__Material to process__:
####

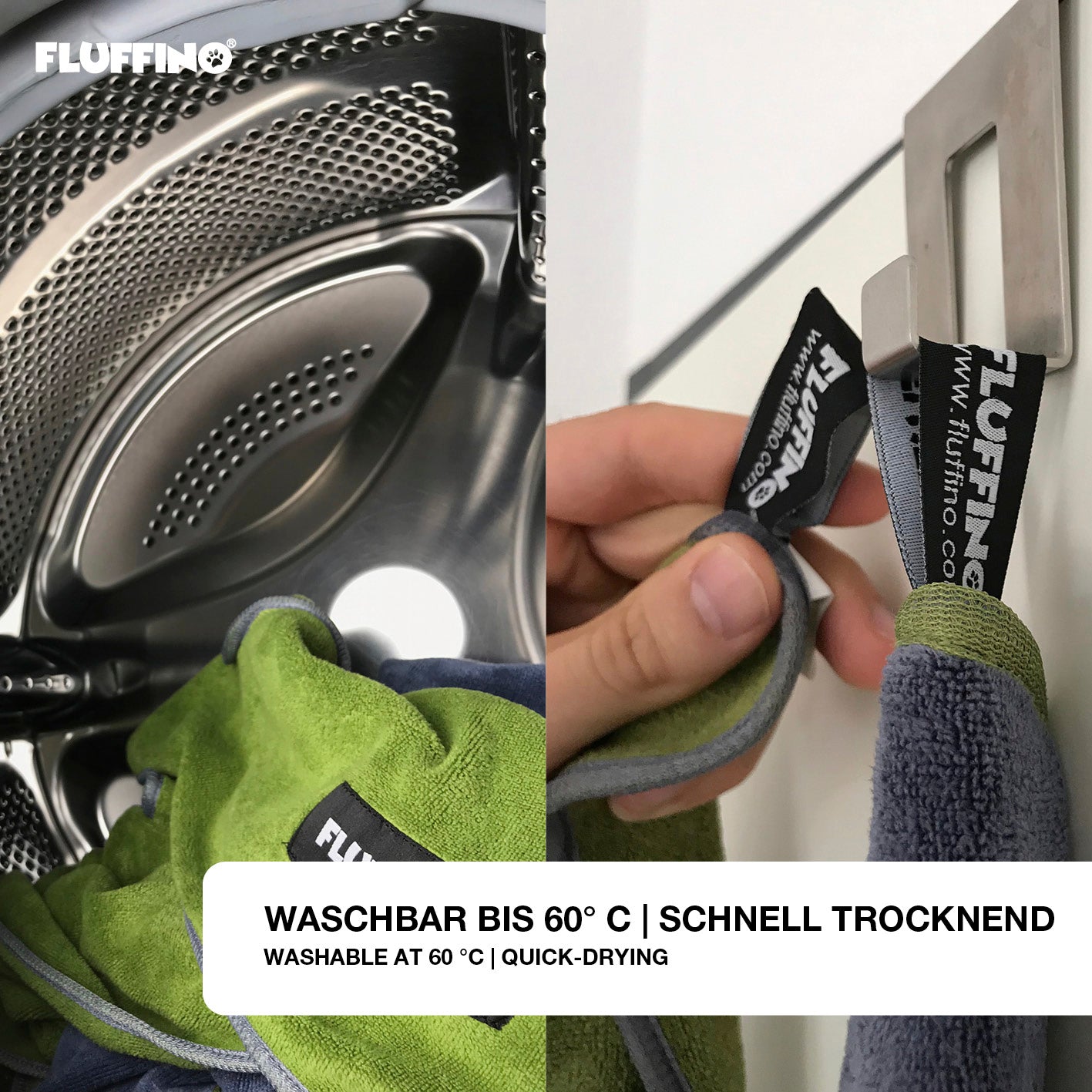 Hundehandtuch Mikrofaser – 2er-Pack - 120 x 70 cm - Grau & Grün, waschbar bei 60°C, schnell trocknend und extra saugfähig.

####

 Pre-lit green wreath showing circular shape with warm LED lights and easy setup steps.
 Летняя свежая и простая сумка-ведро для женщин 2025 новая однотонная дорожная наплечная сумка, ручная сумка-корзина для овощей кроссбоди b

####

__What is needed__: All lines in the listing above from the line containing "Pre-lit green wreath" to the line containing "Летняя свежая и", inclusive, should be retyped exactly; no other lines should appear.

__Answer section__:
 Pre-lit green wreath showing circular shape with warm LED lights and easy setup steps.
 Летняя свежая и простая сумка-ведро для женщин 2025 новая однотонная дорожная наплечная сумка, ручная сумка-корзина для овощей кроссбоди b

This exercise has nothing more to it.